There are three featured wedding dresses. One of the red dress is a real showstopper, lacey, beaded, and with a va-va-voom vibe. This dress was made by veteran costume shop seamstress, Maddie Belknap, junior Theater and Musical Theater double major.

“Then he also wanted this ‘overgrown’ look, like the earth is taking over the dresses.The walls are ‘overgrown,’ so the costumes are also overgrown.When the brides first come on they’re being overtaken by the sea…there’s seaweed growth, they look wet.

The white wedding dresses have muddied skirts and “wet” look was done by hand by Selina Donahue, a junior Studio Art major.

At the beginning of the play “they essentially shed their ‘skin’ of this marriage that they’re trying to escape…it’s like they’re in prison,” said Cray.

“Because there’s a lot of blood and a lot of fight choreography, we’re making two versions of every dress to withstand the brutality of tech. We have to go through the whole tech process and then it has to be nice by the time the show opens,” said Cray. That’s a lot of dresses, but the effect is beautiful to see onstage.

“The dresses are typically white because the brides [in white] get covered in this red blood and the contrast is really lovely. But because they’re in red now, when they get covered in blood you won’t see the blood,” said Cray. Not to worry. The grooms have been robed in white tuxes that show the contrast quite well.

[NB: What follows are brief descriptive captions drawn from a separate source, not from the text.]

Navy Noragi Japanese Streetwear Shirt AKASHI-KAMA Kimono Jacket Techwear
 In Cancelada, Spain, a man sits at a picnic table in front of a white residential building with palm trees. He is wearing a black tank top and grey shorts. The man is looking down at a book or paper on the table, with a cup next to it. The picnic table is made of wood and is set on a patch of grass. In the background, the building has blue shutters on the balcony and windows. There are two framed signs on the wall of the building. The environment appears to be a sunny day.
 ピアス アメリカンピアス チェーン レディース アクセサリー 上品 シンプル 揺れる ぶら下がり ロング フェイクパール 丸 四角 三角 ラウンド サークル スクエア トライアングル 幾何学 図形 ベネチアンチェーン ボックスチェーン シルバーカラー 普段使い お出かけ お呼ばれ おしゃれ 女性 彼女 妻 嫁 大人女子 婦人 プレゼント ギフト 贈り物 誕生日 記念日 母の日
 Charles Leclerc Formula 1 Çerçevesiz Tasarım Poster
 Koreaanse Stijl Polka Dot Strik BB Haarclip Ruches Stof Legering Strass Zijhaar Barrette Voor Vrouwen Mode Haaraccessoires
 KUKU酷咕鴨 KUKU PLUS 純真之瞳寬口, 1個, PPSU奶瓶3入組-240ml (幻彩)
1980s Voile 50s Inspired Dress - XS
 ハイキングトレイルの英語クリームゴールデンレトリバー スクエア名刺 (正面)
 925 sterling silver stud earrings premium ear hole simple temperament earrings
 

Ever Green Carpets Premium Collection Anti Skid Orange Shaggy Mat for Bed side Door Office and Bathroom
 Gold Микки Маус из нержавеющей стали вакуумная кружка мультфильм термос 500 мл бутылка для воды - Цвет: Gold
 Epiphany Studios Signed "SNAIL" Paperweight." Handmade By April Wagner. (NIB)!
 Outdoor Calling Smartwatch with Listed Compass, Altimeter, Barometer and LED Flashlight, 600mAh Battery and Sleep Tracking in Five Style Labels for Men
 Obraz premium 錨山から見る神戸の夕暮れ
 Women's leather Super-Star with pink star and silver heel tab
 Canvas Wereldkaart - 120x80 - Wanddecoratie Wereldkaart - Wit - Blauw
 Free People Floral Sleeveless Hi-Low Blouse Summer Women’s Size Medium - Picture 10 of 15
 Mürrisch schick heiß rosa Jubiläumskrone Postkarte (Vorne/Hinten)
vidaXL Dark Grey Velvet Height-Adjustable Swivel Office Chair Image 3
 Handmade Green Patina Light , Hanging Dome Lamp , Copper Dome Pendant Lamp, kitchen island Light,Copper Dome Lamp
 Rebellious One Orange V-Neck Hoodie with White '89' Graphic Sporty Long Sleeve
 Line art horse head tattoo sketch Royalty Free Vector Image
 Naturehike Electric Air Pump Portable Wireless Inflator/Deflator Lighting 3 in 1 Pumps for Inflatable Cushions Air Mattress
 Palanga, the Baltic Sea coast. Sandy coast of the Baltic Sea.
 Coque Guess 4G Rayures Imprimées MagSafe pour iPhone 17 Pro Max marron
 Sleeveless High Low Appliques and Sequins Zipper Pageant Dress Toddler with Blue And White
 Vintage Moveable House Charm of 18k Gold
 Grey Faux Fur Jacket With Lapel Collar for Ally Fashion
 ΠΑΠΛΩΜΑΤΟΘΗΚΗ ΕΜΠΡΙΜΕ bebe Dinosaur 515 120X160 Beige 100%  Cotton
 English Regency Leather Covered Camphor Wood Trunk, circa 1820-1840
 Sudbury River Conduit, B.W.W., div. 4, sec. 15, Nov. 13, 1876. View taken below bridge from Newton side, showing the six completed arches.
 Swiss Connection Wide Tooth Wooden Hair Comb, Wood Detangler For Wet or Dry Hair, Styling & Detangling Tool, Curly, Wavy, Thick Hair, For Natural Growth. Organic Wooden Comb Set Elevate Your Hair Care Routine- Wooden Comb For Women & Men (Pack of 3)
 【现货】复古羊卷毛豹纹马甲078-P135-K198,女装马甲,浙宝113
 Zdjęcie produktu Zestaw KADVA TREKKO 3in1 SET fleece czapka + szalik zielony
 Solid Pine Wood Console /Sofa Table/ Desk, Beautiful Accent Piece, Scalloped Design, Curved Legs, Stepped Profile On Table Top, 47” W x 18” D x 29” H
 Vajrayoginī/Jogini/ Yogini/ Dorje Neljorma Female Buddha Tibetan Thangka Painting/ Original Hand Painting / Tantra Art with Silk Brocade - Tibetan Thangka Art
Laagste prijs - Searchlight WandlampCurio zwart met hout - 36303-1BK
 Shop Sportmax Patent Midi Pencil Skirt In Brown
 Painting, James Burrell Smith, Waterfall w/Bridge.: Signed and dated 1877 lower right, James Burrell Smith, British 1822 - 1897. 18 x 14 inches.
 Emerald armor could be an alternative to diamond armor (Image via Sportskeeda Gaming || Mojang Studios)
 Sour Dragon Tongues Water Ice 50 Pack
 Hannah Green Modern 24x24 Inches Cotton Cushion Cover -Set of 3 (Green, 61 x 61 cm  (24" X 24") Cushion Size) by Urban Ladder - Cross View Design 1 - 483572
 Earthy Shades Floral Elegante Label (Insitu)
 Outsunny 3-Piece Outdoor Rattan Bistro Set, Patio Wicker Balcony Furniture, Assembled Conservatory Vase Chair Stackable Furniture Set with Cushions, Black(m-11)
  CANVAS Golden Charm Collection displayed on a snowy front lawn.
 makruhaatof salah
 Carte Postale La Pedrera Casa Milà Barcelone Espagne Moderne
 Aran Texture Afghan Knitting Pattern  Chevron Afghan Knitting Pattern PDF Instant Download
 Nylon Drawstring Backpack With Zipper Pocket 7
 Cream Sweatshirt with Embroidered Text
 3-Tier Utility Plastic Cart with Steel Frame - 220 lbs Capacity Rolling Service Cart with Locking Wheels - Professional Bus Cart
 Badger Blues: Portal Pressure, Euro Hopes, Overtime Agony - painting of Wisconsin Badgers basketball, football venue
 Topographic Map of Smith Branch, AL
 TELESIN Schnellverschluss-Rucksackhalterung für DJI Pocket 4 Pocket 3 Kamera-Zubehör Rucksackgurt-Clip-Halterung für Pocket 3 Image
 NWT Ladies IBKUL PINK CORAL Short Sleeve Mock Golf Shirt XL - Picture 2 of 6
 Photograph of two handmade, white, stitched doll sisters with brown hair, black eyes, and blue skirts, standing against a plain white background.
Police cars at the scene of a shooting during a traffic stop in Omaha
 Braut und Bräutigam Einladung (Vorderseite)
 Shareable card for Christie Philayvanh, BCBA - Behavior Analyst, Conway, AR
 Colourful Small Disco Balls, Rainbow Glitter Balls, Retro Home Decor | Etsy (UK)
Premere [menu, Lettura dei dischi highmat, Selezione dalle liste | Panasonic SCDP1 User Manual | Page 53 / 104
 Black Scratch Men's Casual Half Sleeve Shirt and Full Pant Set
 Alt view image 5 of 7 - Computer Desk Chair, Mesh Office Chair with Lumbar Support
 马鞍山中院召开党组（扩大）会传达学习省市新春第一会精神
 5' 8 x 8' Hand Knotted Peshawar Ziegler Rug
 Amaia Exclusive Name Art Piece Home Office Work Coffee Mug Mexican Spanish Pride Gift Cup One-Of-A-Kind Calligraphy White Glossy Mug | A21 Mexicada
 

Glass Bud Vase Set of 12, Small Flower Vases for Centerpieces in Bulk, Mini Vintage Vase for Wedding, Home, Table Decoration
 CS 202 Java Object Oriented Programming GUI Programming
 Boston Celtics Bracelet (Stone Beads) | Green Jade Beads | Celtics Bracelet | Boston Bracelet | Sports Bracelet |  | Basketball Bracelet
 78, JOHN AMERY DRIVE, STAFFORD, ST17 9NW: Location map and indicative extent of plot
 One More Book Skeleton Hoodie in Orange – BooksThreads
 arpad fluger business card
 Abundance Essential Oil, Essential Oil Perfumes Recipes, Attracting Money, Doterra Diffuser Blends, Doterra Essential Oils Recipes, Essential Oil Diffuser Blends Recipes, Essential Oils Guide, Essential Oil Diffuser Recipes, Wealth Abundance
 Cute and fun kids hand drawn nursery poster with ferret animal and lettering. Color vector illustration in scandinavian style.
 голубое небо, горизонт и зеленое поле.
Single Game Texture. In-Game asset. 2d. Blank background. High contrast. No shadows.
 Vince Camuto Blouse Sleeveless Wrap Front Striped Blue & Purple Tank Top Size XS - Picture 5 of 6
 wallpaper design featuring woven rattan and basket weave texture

Other additions to the show that merit a costume shift is the addition of a four-part chorus. These girls work much the same as a Greek chorus does in classic drama.

“The Chorus plays a really special role telling us [the audience] a lot,” said Cray, “and their costumes also tell us a lot.” The Chorus is robed in jumpsuits, red, and play along with the brides throughout the play. The interconnectivity of the costumes and the actors in the various roles speaks to the audience. Subtlety is not at play here, but then again, that’s not the point.